▶ [What you will do]: Among the lines below, output only those between the line holding "Handmade Faceted Sunstone" and the line holding "San Francisco 49ers", inclusive, exactly as written and with no pictures.

▶ [Exercise material]:
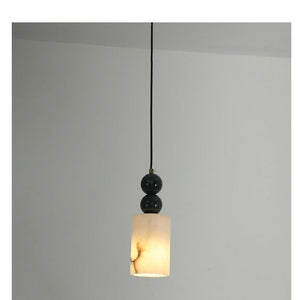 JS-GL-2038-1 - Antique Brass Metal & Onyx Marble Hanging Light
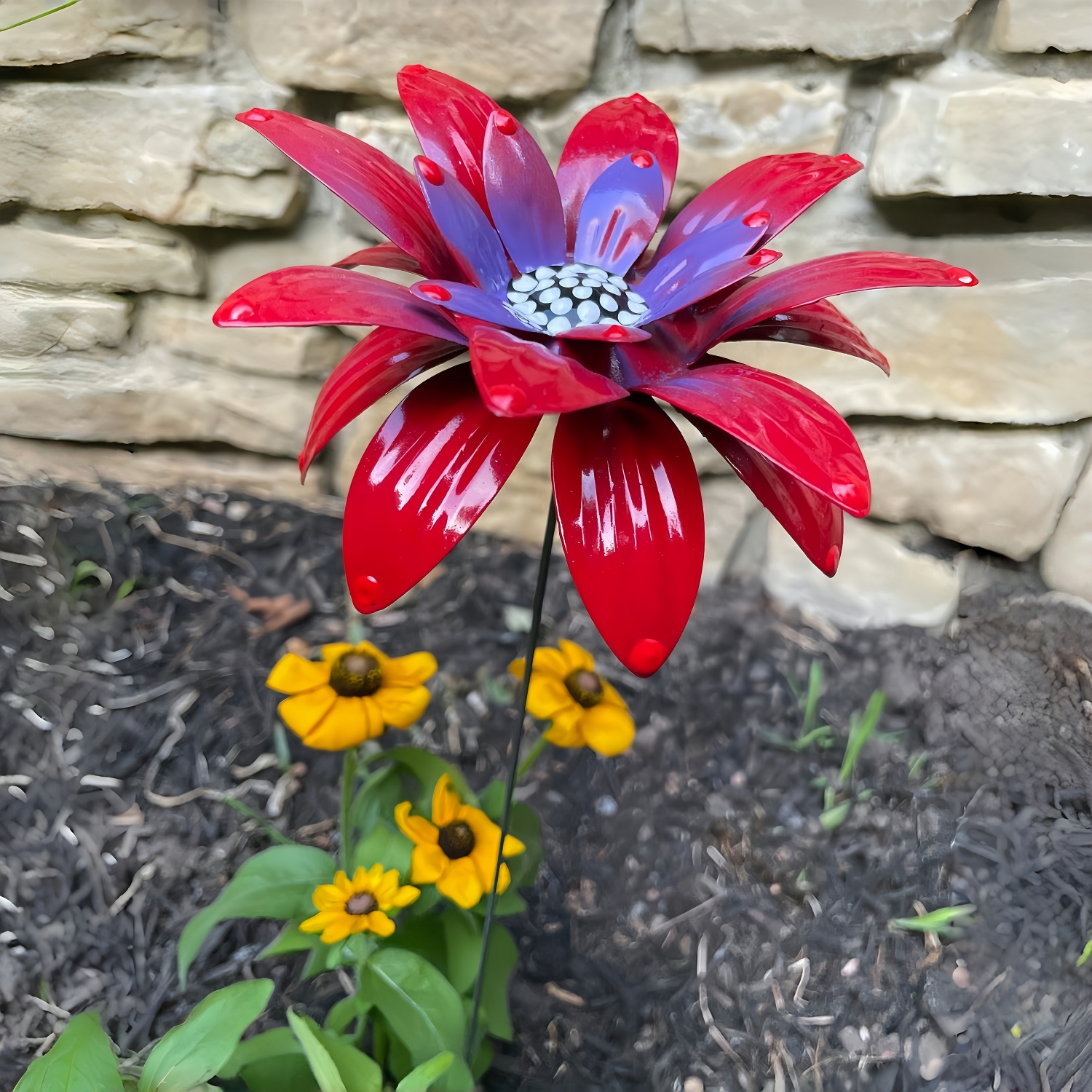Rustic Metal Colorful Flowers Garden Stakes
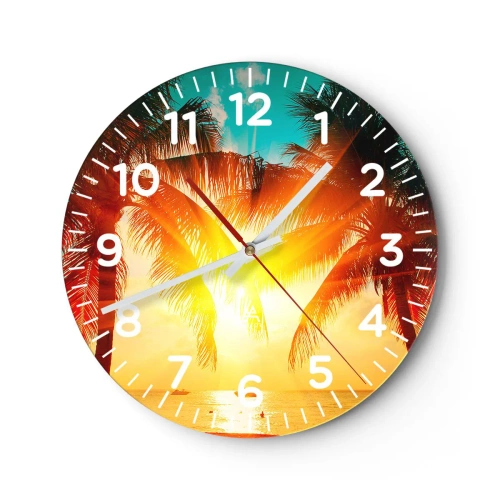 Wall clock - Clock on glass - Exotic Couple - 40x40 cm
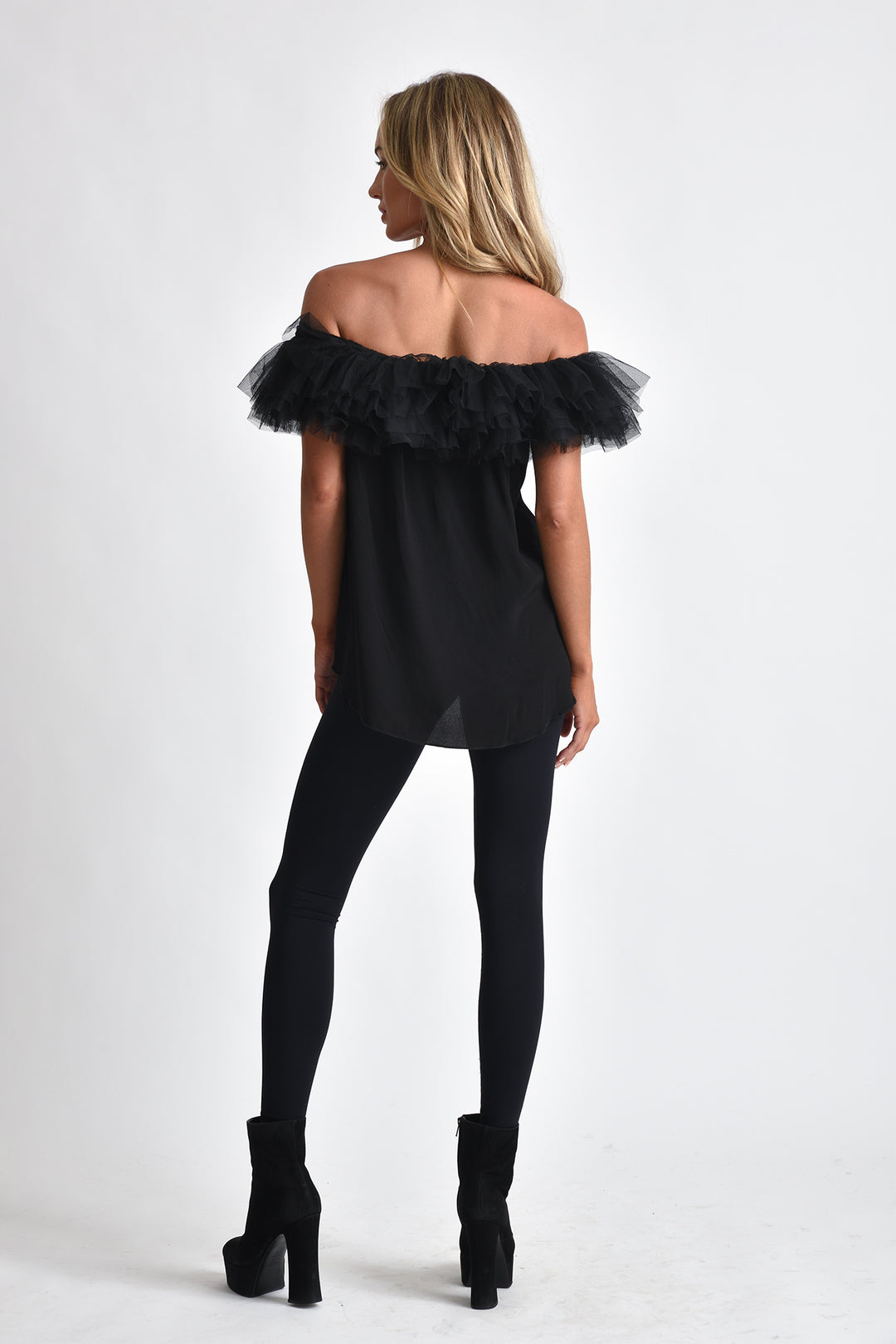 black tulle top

...

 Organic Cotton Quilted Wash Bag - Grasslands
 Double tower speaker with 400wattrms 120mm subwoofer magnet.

---

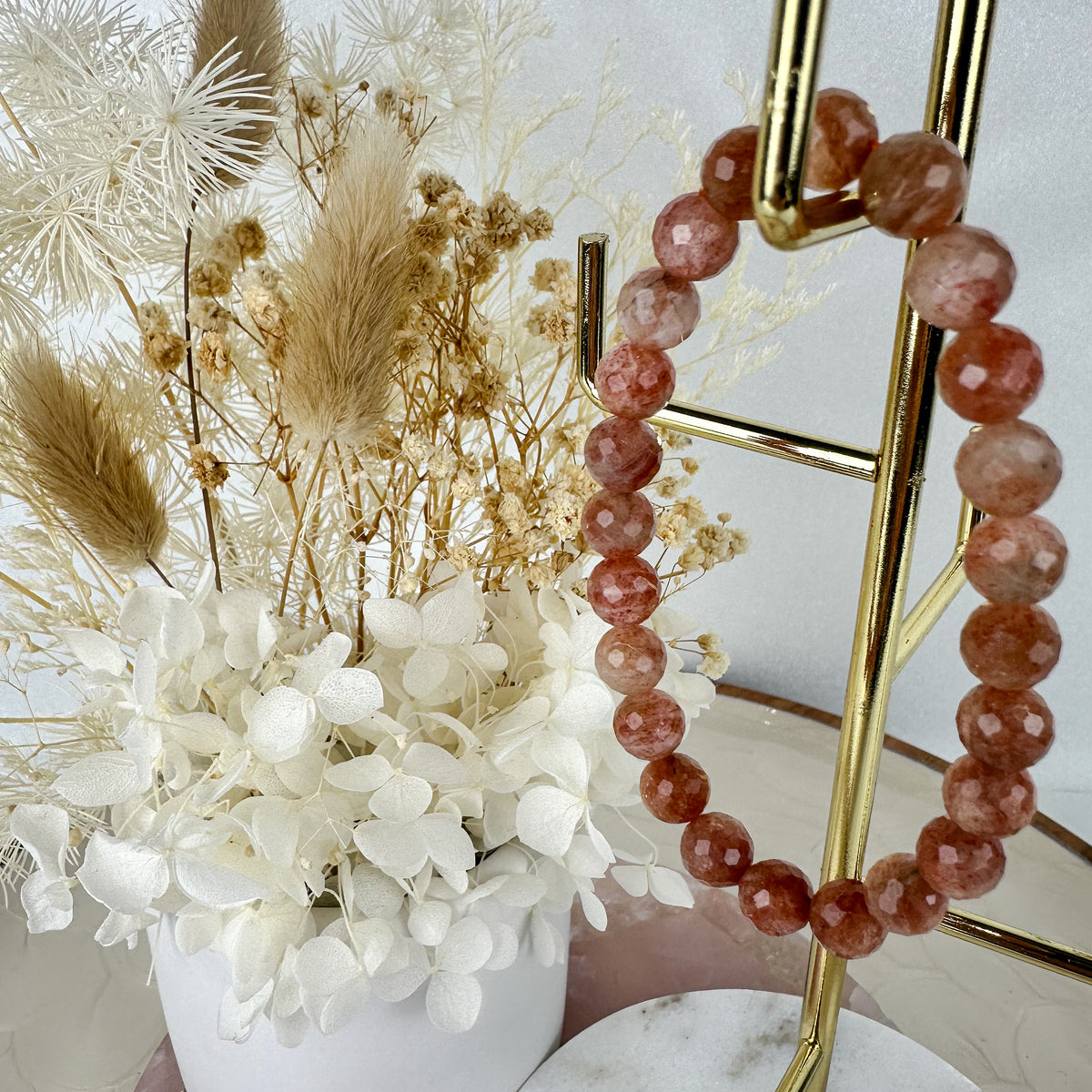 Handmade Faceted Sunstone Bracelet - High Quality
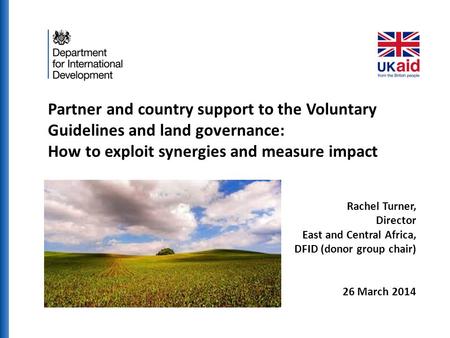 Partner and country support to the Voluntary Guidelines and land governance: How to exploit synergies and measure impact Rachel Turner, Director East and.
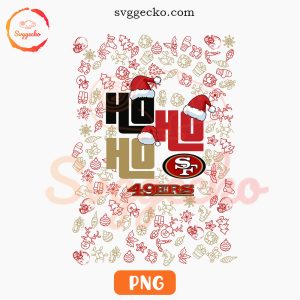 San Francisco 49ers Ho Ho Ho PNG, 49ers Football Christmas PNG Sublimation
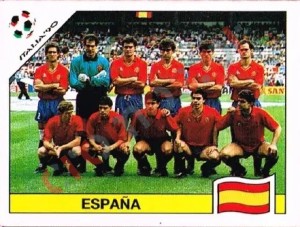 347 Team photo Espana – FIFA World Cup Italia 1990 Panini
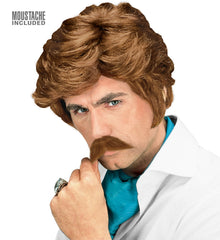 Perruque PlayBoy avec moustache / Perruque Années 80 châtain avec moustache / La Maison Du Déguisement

▶ [Solution to the exercise]:
 Handmade Faceted Sunstone Bracelet - High Quality
 Partner and country support to the Voluntary Guidelines and land governance: How to exploit synergies and measure impact Rachel Turner, Director East and.
 San Francisco 49ers Ho Ho Ho PNG, 49ers Football Christmas PNG Sublimation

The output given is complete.